* YOUR OBJECTIVE
Every line below between the one holding "Women's Knit Pointed-Toe" and the one holding "999西湖阁老【栖】春装 蝙蝠袖系腰带开叉风衣外套022", inclusive, should be copied exactly, and no other line.

* DATASET
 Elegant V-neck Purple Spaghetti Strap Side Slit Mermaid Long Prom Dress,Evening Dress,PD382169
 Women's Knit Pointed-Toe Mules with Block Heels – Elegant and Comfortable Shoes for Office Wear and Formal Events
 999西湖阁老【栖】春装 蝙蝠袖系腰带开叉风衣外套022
* * *
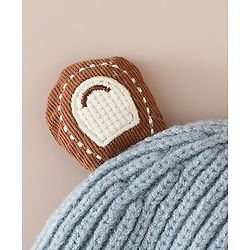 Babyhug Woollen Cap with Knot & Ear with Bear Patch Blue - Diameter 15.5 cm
--
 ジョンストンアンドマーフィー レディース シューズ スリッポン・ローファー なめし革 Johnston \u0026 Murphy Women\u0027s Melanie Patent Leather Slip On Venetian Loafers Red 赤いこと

* COMPLETED EXERCISE
 Women's Knit Pointed-Toe Mules with Block Heels – Elegant and Comfortable Shoes for Office Wear and Formal Events
 999西湖阁老【栖】春装 蝙蝠袖系腰带开叉风衣外套022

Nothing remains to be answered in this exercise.